Question

How do you write $''4x$ (times) $4x$ (times) $4x''$ in exponential form?

Answer 1

Hint: This problem can be solved using law of indices.
${{a}^{m}} \times {{a}^{n}}={{a}^{m+n}}$ This is first law of indices which states that when the two terms have the same base and the terms have to multiplied together then their indices are added.
${{\left( ab \right)}^{n}}={{a}^{n}}.{{b}^{n}}$ In this formula the powers of the terms are separated and given to each. These two formulas will help you in solving problems.

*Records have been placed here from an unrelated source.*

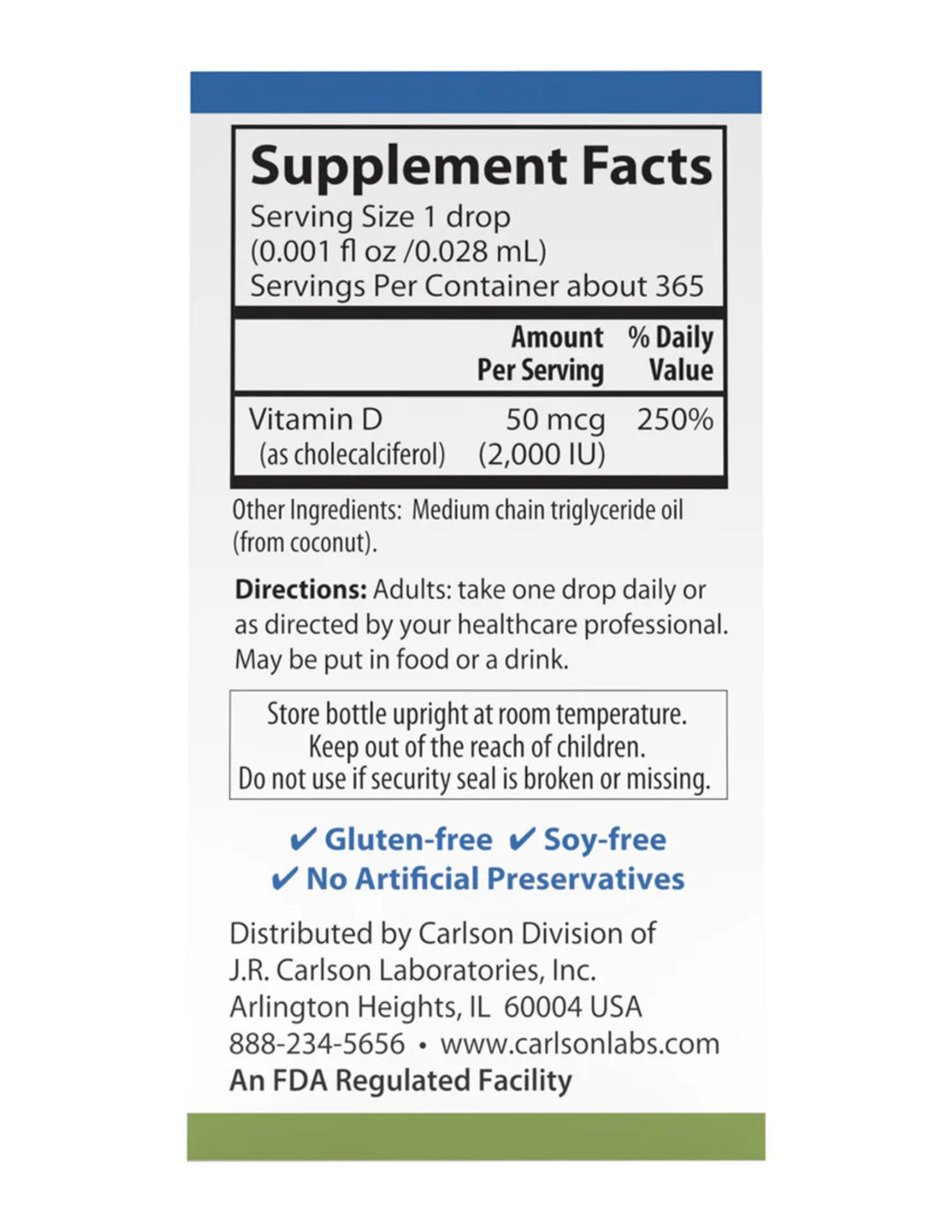 Carlson Laboratories Super Daily D3 2000 IU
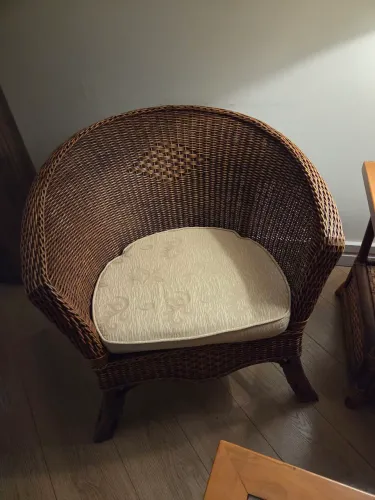 Duas poltronas d vime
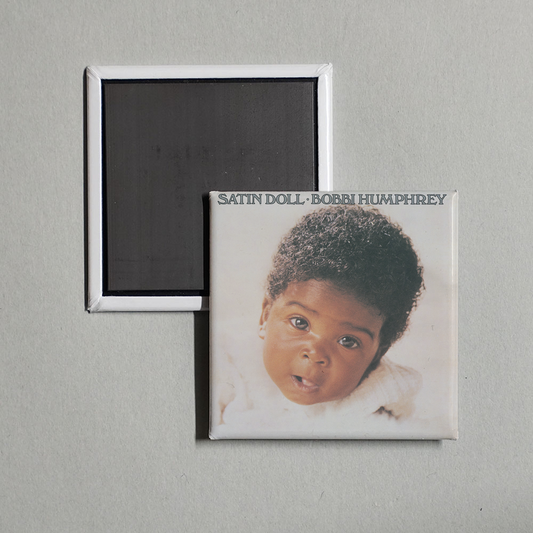 Bobbi Humphrey - Satin Doll Album Cover Fridge Magnet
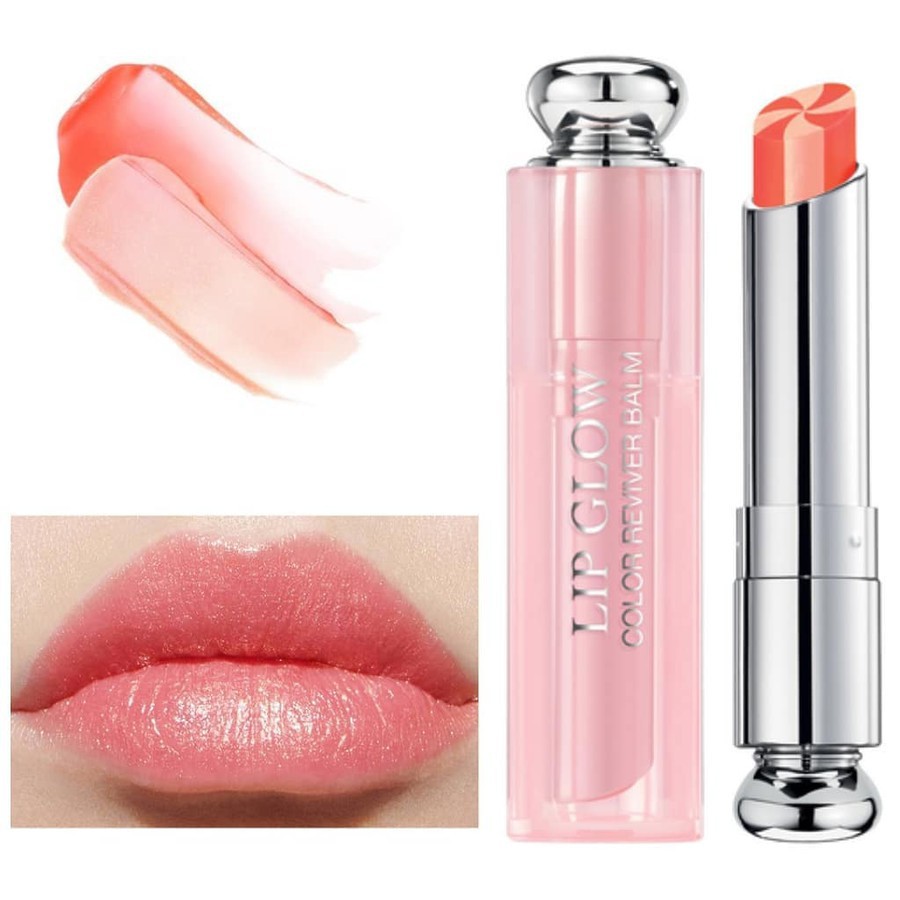 SON DƯỠNG DIOR LIP GLOW 204 - MÀU CAM SAN HÔ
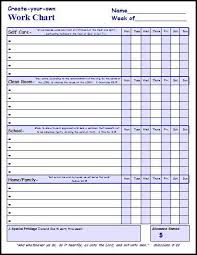 Create Your Own Work Chart Boy Laminated Student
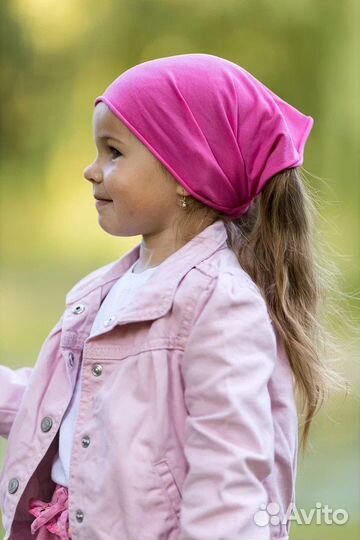 Косынка на девочку (повязка-косынка 2в1)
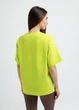 Женская футболка из хлопка oversize Giulia T-SHIRT BASIC 4825/010 L Green-apple, свободная, повседневная оверсайз - изображение 5
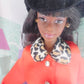 1998 Barbie Tangerine Twist AA doll — Face close-up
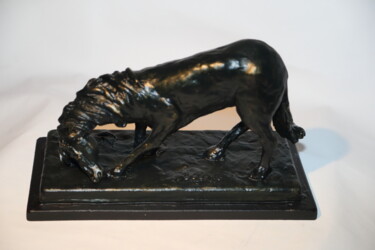 Escultura intitulada "Cavallo" por Mauro Vaccai, Obras de arte originais, Argila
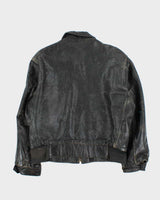 Vintage 1950s Sears Oakbrook Leather Steerhide Biker Jacket - L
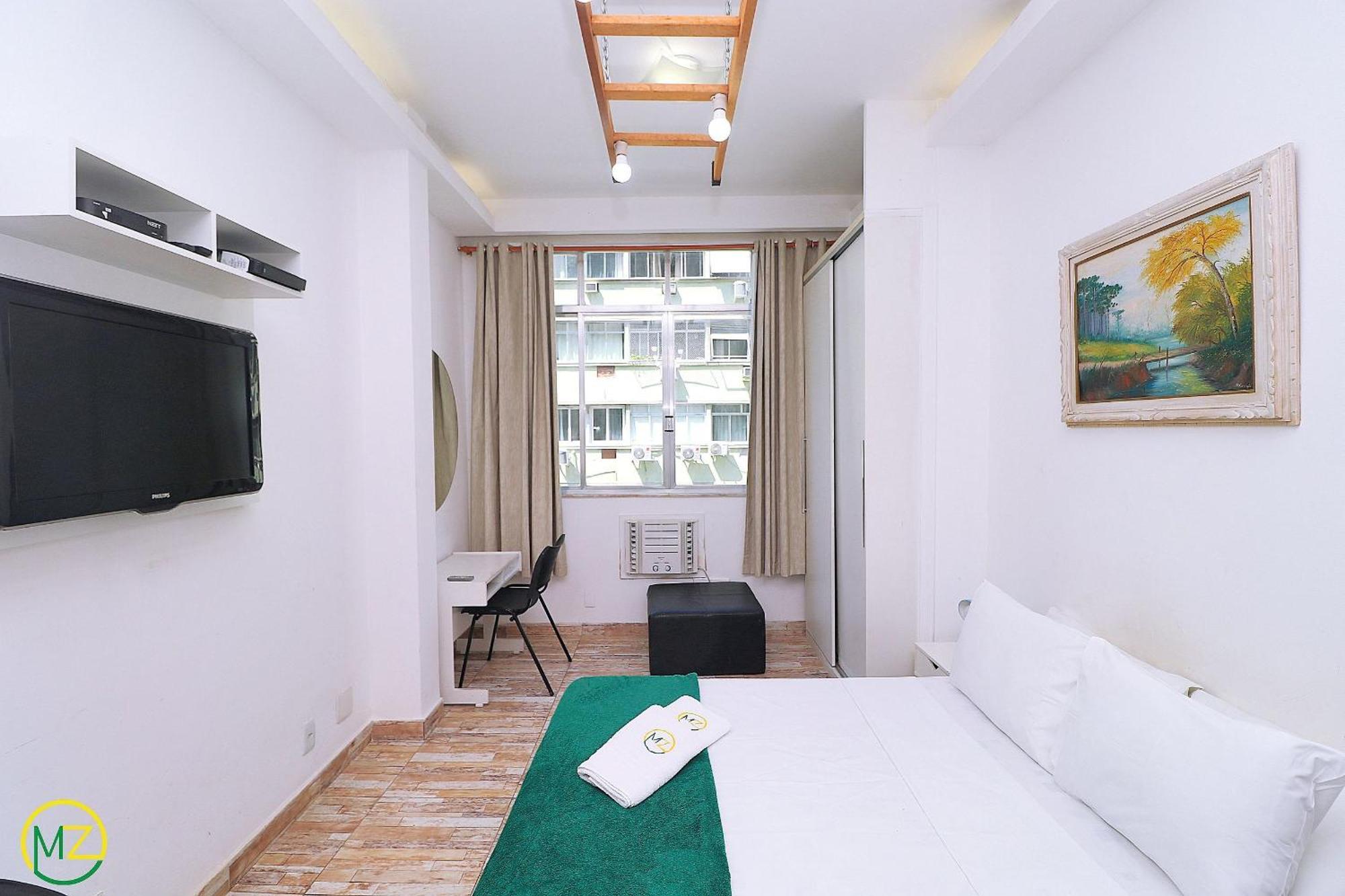 Studio Para 4 Pessoas Com Vista Mar Em Copacabana Rio de Janeiro Exteriör bild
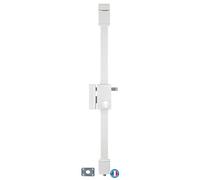 THIRARD - Boîtier De Serrure En Applique Targa à Tirage - Pour Porte d'Entrée Gauche - 3 Points - Axe 45 mm - Blanc - Acier - Mécanisme Intérieur - Poignée Double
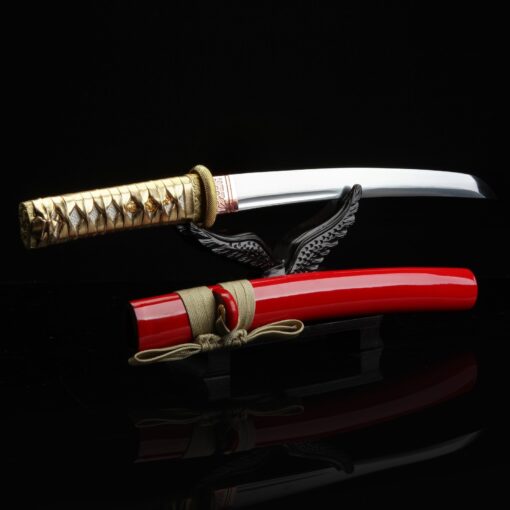 tanto sword handmade japanese tanto sword 1090 carbon steel with red 5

Complete step by step solution:
Here, we have to write $''4x$ (times) $4x$ (times) $4x''$ in exponential form.
That is we have to write $4x.4x.4x$ in exponential form.
Now, $4x$ can be written as also ${{\left( 4x \right)}^{2}}$
Therefore, $4x={{\left( 4x \right)}^{1}}$
So, we have.
$\Rightarrow \left( 4x.4x.4x \right)={{\left( 4x \right)}^{1}}{{\left( 4x \right)}^{1}}{{\left( 4x \right)}^{1}}$
We know that, when multiplying the exponents having the same base value, we have to simply add their power and take base value as common. That is we can write above equation as,
$\left( 4x.4x.4x \right)={{\left( 4x \right)}^{1}}{{\left( 4x \right)}^{1}}{{\left( 4x \right)}^{1}}$
Now,
Taking base as common and adding the power then equation will be,
$\left( 4x.4x.4x \right)={{\left( 4x \right)}^{\left( 1+1+1 \right)}}$
$\Rightarrow \left( 4x.4x.4x \right)={{\left( 4x \right)}^{3}}$
Now, separating the power of term ${{\left( 4x \right)}^{3}}$ then we have,
$\left( 4x.4x.4x \right)={{4}^{3}}{{x}^{3}}$
As we know that,
${{4}^{3}}=4\times 4\times 4=64$ and keeping ${{x}^{3}}$ as it is.
Therefore we have the equation as.
$\left( 4x.4x.4x \right)=64{{x}^{3}}$
Hence, $''4x$ $\times$ $4x$ $\times$ $4x''$ in exponential form can be written as $64{{x}^{3}}$
The term exponential means the number of times a number multiplied by itself. Here, we multiply the numbers and convert into the simplest and short form of exponential. Use laws of indices for solving problems.

Note: We have to take precaution when multiplying the exponents term with the same base value. We have not to multiply the power of bases. We have to take base value as common and perform addition of their powers only.